Below are entries. Copy exactly the lines running from the line that holds "Sutien de baie" to the line that holds "TOVIA Flare Sleeve", with both ends included.

Extracted records below:

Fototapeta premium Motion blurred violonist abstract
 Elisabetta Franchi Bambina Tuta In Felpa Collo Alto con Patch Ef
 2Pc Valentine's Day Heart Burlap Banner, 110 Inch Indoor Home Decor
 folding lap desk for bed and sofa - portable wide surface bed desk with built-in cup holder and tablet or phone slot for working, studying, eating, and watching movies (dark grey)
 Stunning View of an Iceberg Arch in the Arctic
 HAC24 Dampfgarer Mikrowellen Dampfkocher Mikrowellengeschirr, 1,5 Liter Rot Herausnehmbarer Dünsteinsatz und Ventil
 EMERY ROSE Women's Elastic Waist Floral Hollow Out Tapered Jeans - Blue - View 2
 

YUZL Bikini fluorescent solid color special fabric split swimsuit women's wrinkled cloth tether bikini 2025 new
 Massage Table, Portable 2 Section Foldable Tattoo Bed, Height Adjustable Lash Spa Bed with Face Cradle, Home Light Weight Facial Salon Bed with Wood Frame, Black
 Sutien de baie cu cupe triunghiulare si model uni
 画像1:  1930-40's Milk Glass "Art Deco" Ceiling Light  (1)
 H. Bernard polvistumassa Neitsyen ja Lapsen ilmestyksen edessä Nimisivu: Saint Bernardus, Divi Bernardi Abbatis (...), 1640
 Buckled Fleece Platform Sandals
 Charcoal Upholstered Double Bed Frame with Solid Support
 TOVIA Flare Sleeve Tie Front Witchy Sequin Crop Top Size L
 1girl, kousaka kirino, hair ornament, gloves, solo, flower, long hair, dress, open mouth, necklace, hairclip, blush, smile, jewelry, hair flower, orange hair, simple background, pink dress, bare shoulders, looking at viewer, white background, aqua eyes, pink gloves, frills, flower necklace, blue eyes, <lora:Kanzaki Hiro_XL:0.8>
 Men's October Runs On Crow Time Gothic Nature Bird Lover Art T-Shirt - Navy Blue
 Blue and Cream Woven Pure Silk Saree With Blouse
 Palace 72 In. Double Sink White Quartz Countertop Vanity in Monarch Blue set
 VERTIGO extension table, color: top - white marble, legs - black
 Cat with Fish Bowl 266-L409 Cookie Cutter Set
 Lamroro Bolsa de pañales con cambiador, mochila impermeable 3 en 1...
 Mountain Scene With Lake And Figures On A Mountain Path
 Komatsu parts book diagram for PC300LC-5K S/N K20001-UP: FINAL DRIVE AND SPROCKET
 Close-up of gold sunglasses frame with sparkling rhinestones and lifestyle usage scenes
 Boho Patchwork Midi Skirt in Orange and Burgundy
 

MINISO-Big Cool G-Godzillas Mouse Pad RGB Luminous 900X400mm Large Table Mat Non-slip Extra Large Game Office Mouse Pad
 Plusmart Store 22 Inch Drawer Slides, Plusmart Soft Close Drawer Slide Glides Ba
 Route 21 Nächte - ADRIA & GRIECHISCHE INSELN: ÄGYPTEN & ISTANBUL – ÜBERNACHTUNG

End of Extracted records.

▶ _Answer below_
 Sutien de baie cu cupe triunghiulare si model uni
 画像1:  1930-40's Milk Glass "Art Deco" Ceiling Light  (1)
 H. Bernard polvistumassa Neitsyen ja Lapsen ilmestyksen edessä Nimisivu: Saint Bernardus, Divi Bernardi Abbatis (...), 1640
 Buckled Fleece Platform Sandals
 Charcoal Upholstered Double Bed Frame with Solid Support
 TOVIA Flare Sleeve Tie Front Witchy Sequin Crop Top Size L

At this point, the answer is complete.